▸ **Dataset extract**

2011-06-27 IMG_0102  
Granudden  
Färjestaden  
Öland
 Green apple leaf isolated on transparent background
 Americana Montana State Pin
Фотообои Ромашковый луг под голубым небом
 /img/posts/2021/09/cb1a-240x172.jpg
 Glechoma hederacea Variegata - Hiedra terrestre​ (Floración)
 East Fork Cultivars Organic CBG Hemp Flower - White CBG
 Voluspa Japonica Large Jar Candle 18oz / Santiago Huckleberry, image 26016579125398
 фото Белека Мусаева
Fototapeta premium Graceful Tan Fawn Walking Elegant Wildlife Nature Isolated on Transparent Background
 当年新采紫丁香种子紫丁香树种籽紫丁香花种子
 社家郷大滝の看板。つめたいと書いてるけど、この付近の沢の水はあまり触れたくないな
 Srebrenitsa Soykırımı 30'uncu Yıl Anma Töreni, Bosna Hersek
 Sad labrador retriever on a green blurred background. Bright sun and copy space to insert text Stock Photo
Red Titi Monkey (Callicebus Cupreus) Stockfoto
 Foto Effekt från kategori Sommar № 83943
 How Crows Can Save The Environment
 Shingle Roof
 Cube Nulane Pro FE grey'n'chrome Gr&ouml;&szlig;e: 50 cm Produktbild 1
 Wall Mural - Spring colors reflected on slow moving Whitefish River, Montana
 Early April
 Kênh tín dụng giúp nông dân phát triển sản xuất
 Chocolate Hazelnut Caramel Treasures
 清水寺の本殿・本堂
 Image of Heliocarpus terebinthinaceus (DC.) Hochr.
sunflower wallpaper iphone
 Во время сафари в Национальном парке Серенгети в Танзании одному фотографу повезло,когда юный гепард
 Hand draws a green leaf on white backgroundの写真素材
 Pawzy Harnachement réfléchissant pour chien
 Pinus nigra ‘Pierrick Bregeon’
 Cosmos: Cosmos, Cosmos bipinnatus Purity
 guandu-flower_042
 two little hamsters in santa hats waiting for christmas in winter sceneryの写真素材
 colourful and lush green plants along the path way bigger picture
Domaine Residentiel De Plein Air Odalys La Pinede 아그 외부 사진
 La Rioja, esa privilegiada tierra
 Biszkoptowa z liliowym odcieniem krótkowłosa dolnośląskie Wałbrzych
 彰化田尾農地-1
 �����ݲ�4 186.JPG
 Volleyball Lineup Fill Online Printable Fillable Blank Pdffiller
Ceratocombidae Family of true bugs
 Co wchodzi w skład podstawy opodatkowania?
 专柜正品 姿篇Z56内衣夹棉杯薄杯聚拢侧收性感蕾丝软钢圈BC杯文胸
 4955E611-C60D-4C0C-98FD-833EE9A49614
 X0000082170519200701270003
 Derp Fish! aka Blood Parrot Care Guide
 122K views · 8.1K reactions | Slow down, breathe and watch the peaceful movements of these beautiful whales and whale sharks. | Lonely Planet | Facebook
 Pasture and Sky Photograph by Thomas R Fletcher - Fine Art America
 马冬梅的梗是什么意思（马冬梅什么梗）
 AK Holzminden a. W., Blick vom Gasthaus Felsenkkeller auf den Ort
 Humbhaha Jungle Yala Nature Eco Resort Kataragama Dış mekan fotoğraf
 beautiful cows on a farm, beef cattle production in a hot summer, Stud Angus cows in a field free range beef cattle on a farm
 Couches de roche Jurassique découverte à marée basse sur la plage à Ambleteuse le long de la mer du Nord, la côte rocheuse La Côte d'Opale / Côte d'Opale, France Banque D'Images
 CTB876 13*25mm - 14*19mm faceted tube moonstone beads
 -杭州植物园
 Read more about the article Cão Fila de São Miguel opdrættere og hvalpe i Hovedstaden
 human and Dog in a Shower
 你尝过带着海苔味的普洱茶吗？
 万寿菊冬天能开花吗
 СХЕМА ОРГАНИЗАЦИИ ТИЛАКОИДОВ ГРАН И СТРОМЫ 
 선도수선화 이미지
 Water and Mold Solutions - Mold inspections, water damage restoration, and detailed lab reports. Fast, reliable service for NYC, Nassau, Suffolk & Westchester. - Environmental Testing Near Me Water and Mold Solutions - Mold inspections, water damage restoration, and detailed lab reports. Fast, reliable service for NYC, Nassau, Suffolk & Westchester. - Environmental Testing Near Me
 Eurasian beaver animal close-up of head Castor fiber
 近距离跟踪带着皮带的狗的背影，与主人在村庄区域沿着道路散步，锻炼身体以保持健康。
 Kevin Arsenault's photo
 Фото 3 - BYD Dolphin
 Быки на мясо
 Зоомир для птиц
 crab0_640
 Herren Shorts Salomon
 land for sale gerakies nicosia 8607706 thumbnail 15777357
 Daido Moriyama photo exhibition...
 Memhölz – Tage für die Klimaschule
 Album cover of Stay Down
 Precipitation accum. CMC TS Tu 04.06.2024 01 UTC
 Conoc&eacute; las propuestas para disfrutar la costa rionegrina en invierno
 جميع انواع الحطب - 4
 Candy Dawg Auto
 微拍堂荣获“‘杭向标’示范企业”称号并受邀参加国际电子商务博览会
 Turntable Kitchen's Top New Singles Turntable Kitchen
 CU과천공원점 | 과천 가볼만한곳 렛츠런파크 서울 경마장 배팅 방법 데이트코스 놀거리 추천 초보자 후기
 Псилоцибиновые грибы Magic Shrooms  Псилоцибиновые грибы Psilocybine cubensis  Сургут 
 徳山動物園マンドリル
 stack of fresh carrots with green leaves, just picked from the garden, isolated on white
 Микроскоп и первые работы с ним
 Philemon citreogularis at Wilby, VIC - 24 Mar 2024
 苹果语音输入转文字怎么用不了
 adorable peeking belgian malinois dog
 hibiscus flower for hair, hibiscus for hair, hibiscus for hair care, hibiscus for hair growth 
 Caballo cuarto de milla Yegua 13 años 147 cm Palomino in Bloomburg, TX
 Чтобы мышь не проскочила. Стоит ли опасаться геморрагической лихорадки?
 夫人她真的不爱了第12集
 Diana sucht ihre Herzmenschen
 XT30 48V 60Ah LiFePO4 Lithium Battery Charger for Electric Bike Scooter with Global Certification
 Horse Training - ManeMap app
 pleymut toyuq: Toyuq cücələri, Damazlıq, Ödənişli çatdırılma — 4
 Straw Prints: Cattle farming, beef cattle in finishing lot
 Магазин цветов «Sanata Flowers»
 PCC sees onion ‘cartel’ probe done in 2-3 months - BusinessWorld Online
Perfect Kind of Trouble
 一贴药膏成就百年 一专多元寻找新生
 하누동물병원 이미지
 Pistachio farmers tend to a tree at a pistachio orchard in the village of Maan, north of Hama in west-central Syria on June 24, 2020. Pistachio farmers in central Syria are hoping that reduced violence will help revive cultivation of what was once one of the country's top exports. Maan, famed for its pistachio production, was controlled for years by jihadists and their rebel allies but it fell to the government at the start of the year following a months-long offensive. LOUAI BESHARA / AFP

▸ **Exercise objective**
Exactly as shown above, return every record.

▸ **Reply to the task**
2011-06-27 IMG_0102  
Granudden  
Färjestaden  
Öland
 Green apple leaf isolated on transparent background
 Americana Montana State Pin
Фотообои Ромашковый луг под голубым небом
 /img/posts/2021/09/cb1a-240x172.jpg
 Glechoma hederacea Variegata - Hiedra terrestre​ (Floración)
 East Fork Cultivars Organic CBG Hemp Flower - White CBG
 Voluspa Japonica Large Jar Candle 18oz / Santiago Huckleberry, image 26016579125398
 фото Белека Мусаева
Fototapeta premium Graceful Tan Fawn Walking Elegant Wildlife Nature Isolated on Transparent Background
 当年新采紫丁香种子紫丁香树种籽紫丁香花种子
 社家郷大滝の看板。つめたいと書いてるけど、この付近の沢の水はあまり触れたくないな
 Srebrenitsa Soykırımı 30'uncu Yıl Anma Töreni, Bosna Hersek
 Sad labrador retriever on a green blurred background. Bright sun and copy space to insert text Stock Photo
Red Titi Monkey (Callicebus Cupreus) Stockfoto
 Foto Effekt från kategori Sommar № 83943
 How Crows Can Save The Environment
 Shingle Roof
 Cube Nulane Pro FE grey'n'chrome Gr&ouml;&szlig;e: 50 cm Produktbild 1
 Wall Mural - Spring colors reflected on slow moving Whitefish River, Montana
 Early April
 Kênh tín dụng giúp nông dân phát triển sản xuất
 Chocolate Hazelnut Caramel Treasures
 清水寺の本殿・本堂
 Image of Heliocarpus terebinthinaceus (DC.) Hochr.
sunflower wallpaper iphone
 Во время сафари в Национальном парке Серенгети в Танзании одному фотографу повезло,когда юный гепард
 Hand draws a green leaf on white backgroundの写真素材
 Pawzy Harnachement réfléchissant pour chien
 Pinus nigra ‘Pierrick Bregeon’
 Cosmos: Cosmos, Cosmos bipinnatus Purity
 guandu-flower_042
 two little hamsters in santa hats waiting for christmas in winter sceneryの写真素材
 colourful and lush green plants along the path way bigger picture
Domaine Residentiel De Plein Air Odalys La Pinede 아그 외부 사진
 La Rioja, esa privilegiada tierra
 Biszkoptowa z liliowym odcieniem krótkowłosa dolnośląskie Wałbrzych
 彰化田尾農地-1
 �����ݲ�4 186.JPG
 Volleyball Lineup Fill Online Printable Fillable Blank Pdffiller
Ceratocombidae Family of true bugs
 Co wchodzi w skład podstawy opodatkowania?
 专柜正品 姿篇Z56内衣夹棉杯薄杯聚拢侧收性感蕾丝软钢圈BC杯文胸
 4955E611-C60D-4C0C-98FD-833EE9A49614
 X0000082170519200701270003
 Derp Fish! aka Blood Parrot Care Guide
 122K views · 8.1K reactions | Slow down, breathe and watch the peaceful movements of these beautiful whales and whale sharks. | Lonely Planet | Facebook
 Pasture and Sky Photograph by Thomas R Fletcher - Fine Art America
 马冬梅的梗是什么意思（马冬梅什么梗）
 AK Holzminden a. W., Blick vom Gasthaus Felsenkkeller auf den Ort
 Humbhaha Jungle Yala Nature Eco Resort Kataragama Dış mekan fotoğraf
 beautiful cows on a farm, beef cattle production in a hot summer, Stud Angus cows in a field free range beef cattle on a farm
 Couches de roche Jurassique découverte à marée basse sur la plage à Ambleteuse le long de la mer du Nord, la côte rocheuse La Côte d'Opale / Côte d'Opale, France Banque D'Images
 CTB876 13*25mm - 14*19mm faceted tube moonstone beads
 -杭州植物园
 Read more about the article Cão Fila de São Miguel opdrættere og hvalpe i Hovedstaden
 human and Dog in a Shower
 你尝过带着海苔味的普洱茶吗？
 万寿菊冬天能开花吗
 СХЕМА ОРГАНИЗАЦИИ ТИЛАКОИДОВ ГРАН И СТРОМЫ 
 선도수선화 이미지
 Water and Mold Solutions - Mold inspections, water damage restoration, and detailed lab reports. Fast, reliable service for NYC, Nassau, Suffolk & Westchester. - Environmental Testing Near Me Water and Mold Solutions - Mold inspections, water damage restoration, and detailed lab reports. Fast, reliable service for NYC, Nassau, Suffolk & Westchester. - Environmental Testing Near Me
 Eurasian beaver animal close-up of head Castor fiber
 近距离跟踪带着皮带的狗的背影，与主人在村庄区域沿着道路散步，锻炼身体以保持健康。
 Kevin Arsenault's photo
 Фото 3 - BYD Dolphin
 Быки на мясо
 Зоомир для птиц
 crab0_640
 Herren Shorts Salomon
 land for sale gerakies nicosia 8607706 thumbnail 15777357
 Daido Moriyama photo exhibition...
 Memhölz – Tage für die Klimaschule
 Album cover of Stay Down
 Precipitation accum. CMC TS Tu 04.06.2024 01 UTC
 Conoc&eacute; las propuestas para disfrutar la costa rionegrina en invierno
 جميع انواع الحطب - 4
 Candy Dawg Auto
 微拍堂荣获“‘杭向标’示范企业”称号并受邀参加国际电子商务博览会
 Turntable Kitchen's Top New Singles Turntable Kitchen
 CU과천공원점 | 과천 가볼만한곳 렛츠런파크 서울 경마장 배팅 방법 데이트코스 놀거리 추천 초보자 후기
 Псилоцибиновые грибы Magic Shrooms  Псилоцибиновые грибы Psilocybine cubensis  Сургут 
 徳山動物園マンドリル
 stack of fresh carrots with green leaves, just picked from the garden, isolated on white
 Микроскоп и первые работы с ним
 Philemon citreogularis at Wilby, VIC - 24 Mar 2024
 苹果语音输入转文字怎么用不了
 adorable peeking belgian malinois dog
 hibiscus flower for hair, hibiscus for hair, hibiscus for hair care, hibiscus for hair growth 
 Caballo cuarto de milla Yegua 13 años 147 cm Palomino in Bloomburg, TX
 Чтобы мышь не проскочила. Стоит ли опасаться геморрагической лихорадки?
 夫人她真的不爱了第12集
 Diana sucht ihre Herzmenschen
 XT30 48V 60Ah LiFePO4 Lithium Battery Charger for Electric Bike Scooter with Global Certification
 Horse Training - ManeMap app
 pleymut toyuq: Toyuq cücələri, Damazlıq, Ödənişli çatdırılma — 4
 Straw Prints: Cattle farming, beef cattle in finishing lot
 Магазин цветов «Sanata Flowers»
 PCC sees onion ‘cartel’ probe done in 2-3 months - BusinessWorld Online
Perfect Kind of Trouble
 一贴药膏成就百年 一专多元寻找新生
 하누동물병원 이미지
 Pistachio farmers tend to a tree at a pistachio orchard in the village of Maan, north of Hama in west-central Syria on June 24, 2020. Pistachio farmers in central Syria are hoping that reduced violence will help revive cultivation of what was once one of the country's top exports. Maan, famed for its pistachio production, was controlled for years by jihadists and their rebel allies but it fell to the government at the start of the year following a months-long offensive. LOUAI BESHARA / AFP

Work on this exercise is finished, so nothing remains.